Cormac McCarthy’s Sideline: Freelance Copy Editor
The Pulitzer-Winning Novelist Enjoyed Helping Academics Clean up Their Work
When Cormac McCarthy died last year, critics, scholars, and fans alike weighed in on the qualities they found most distinctive in his books. Time and again they mentioned his style. Whether the long, sweeping passages of Blood Meridian or the staccato bursts of The Road, McCarthy’s approach was unified by an elegant minimalism most evident in, of all things, his punctuation.
A Man with Opinions
McCarthy followed several self-imposed rules, distilled here by Josh Jones from one of the Pulitzer-winning novelist’s rare interviews. The first is recognizable by the quotation marks absent from his dialogue; he eschewed them. Same with the semicolon I just used and exclamation points. “There is no place in English literature for either,” he said.

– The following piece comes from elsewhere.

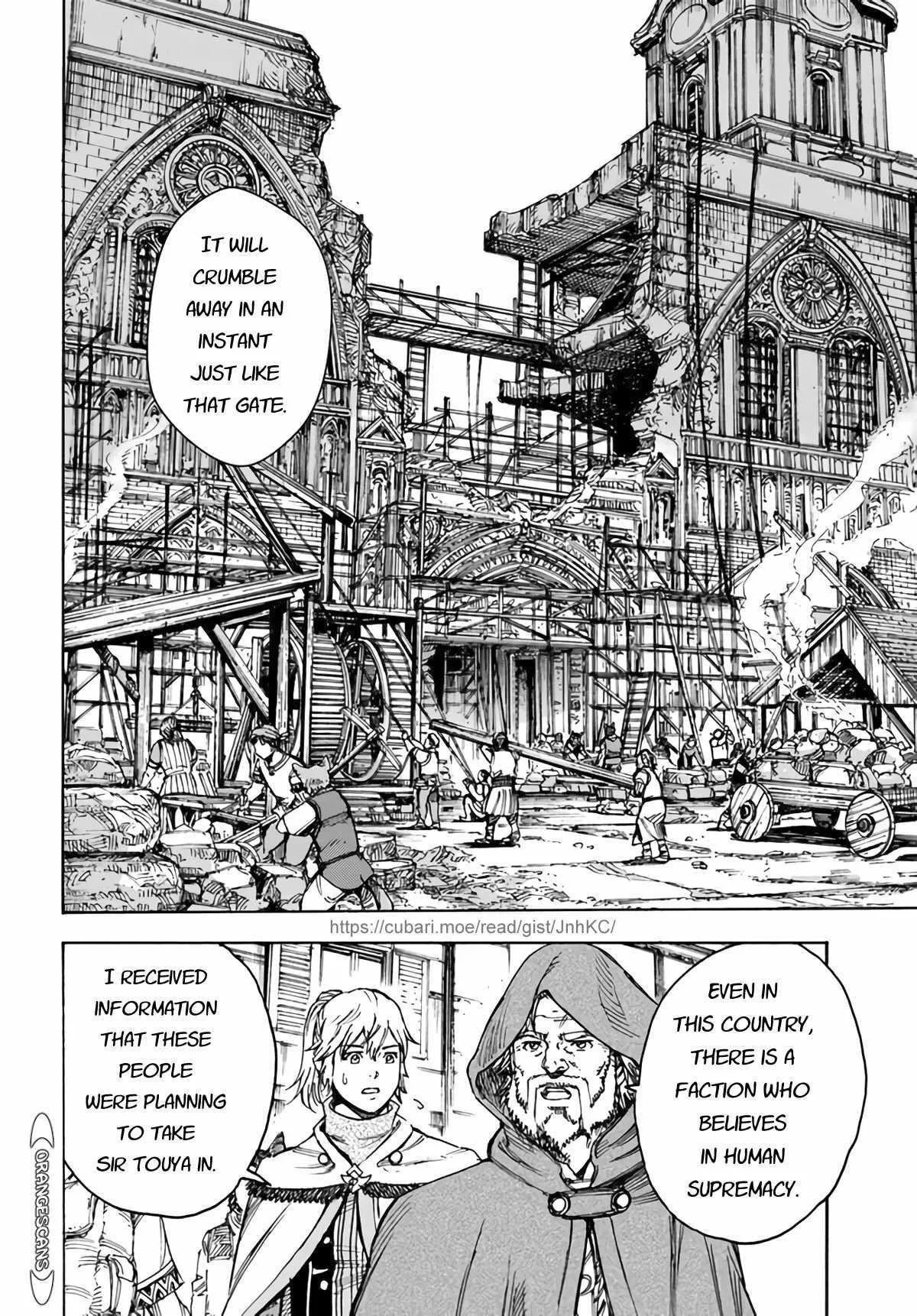 Wise man is summoned to another world ~The strongest items were those less desired in inventory~ Chapter 26.1 page 14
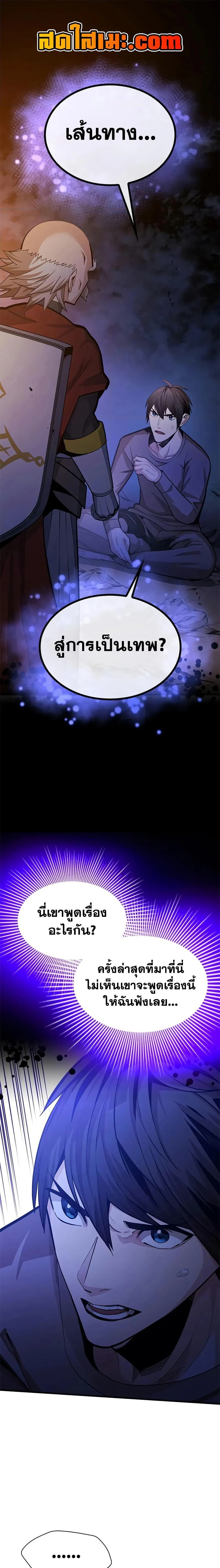 The Tutorial is Too Hard โลกฝึกสอนสุดโหดร้าย ตอนที่ 223 page 0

“I believe in periods, in capitals, in the occasional comma, and that’s it,” said McCarthy. A scan of his books reveals additional use of question marks and em dashes—even the rare semicolon and exclamation mark(!)—but McCarthy’s punctuation was sparse by any measure.
A fascinating study by Adam Calhoun compared the marks employed by various writers by removing all the words between them. Here’s how McCarthy’s punctuation in Blood Meridian stacks up against William Faulkner’s in Absalom, Absalom!
And it’s not just the type of punctuation employed. It’s also the frequency, seen by comparing the number of words per punctuation. Whereas Faulkner uses eight words before dropping in a comma, semicolon, or dash, McCarthy uses twelve by Calhoun’s count—fifty percent more words per mark.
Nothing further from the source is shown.